A driver can interact with blocks to indicate they are available to work, they can see how many drivers are needed to work, whether they have been scheduled, the pay rate for that block, and more.

We don’t want to loop over the blocks more than once, or be conducting queries while rendering the schedule. Also, in order to have a snappy app experience, we want to keep our API response time <=100ms, including building and serving the JSON. Sounds interesting!

Overview of the solution

We can generate 30 minute increment blocks in plain Ruby, but how do we fill the blocks in with data efficiently?

The route we went was to take inspiration from the “constant time lookup” benefit of a hash table, and put together an intermediate data structure as a plain Ruby hash, that was responsible for collecting all the data needed for the calendar before rendering began, so that rendering was very straightforward, pulling from this hash, and incurring no performance penalty. Seems reasonable. Let’s look at this in more detail.

By the way, if you need a primer or refresher on hash tables and hash functions, I recommend “Taking Hash Tables Off The Shelf” 1 and “Hashing Out Hash Functions” 2 by Vaidehi Joshi.

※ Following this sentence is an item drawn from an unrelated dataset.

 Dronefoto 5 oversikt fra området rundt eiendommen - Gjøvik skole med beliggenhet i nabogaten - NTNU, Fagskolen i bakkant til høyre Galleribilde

The second article here discusses hash functions to compute a key, and minimize collisions. In our case we didn’t need to worry about that, we’re using the database ID for the object we’re working with, as the key, which is guaranteed to be unique, enforced by a database constraint. With that out of the way, the main challenge for us was coming up with efficient queries to get the driver and schedule data we needed.

Solution steps

  • Do not conduct queries while rendering
  • Put together intermediate mapping of calendar data that will be needed while blocks are being rendered
  • (Optional) Use plain SQL with Active Record, while still sanitizing the query

Diving into some code

One of the pieces of data we want to show is whether a particular block is already assigned.

We are able to do a single query for all of the assignments of drivers to a block of time. Then we make our hash as mentioned earlier, with each block’s ID as the key, and the value as the count of assignments, doing the counting in Ruby instead of SQL.

Now we can look up the number of assignments for any block in constant time from the hash of data, and we aren’t querying for the count of assignments every time we’re rendering a block of time.

all_assignments = [] # 1) chunk of SQL to find all the assignments

# 2) put together the intermediate data structure
all_blocks.each_with_object({}){ |block_id, hash|
  h[block_id] = all_assignments.select{|a| a['block_id'].to_i == block_id}.size.to_i
}

# 3) Look up the count for the block ID key while rendering
# => {block_id => count}

We are using Enumerable#each_with_object here to produce a Hash that maps the block ID to the count of assignments. We don’t need a hash function to compute a key, since we are already guaranteed to have a unique key by using the database ID as the key.

Using Active Record

We are using Active Record but chose to express the query in SQL. This way we get benefits from Active Record like sanitization and being able to parameterize the queries.

For sanitization, we use a private method, which might make upgrades more difficult later (using private methods is generally a bad idea, but the downsides can be mitigated by wrapping uses of it, so it can be changed in one spot later). Since the method is private, we use send to work around this in Ruby. Assignment in this example is the Active Record model. This is a simplification of our real data model.

The private method sanitize_sql takes the SQL query as a string and then a hash of parameters. We’re passing an array of block IDs as the value, to a parameter named block_ids.


# Parameterized SQL query. Expects hash with `block_ids` key, and array of block ID values
sql = %{SELECT a.id, a.block_id FROM assignments a JOIN drivers d ...
          WHERE a.block_id IN (:block_ids)}


block_ids = [] # relevant block IDs
Assignment.send(:sanitize_sql, ["sql", {block_ids: block_ids}])

Summary

Generating 2 weeks of calendar data per driver, for our thousands of drivers using the app and expecting a fast user experience, was tricky! Using the approaches here allowed us to stay in the 50-100ms range for rendering this data, providing a fast experience with rich data to interact with.

The applicability of this approach will really depend on your specific application. However it seems like a handy tool to keep in mind for highly structured data, where the end result requires the data is denormalized and re-structured as JSON.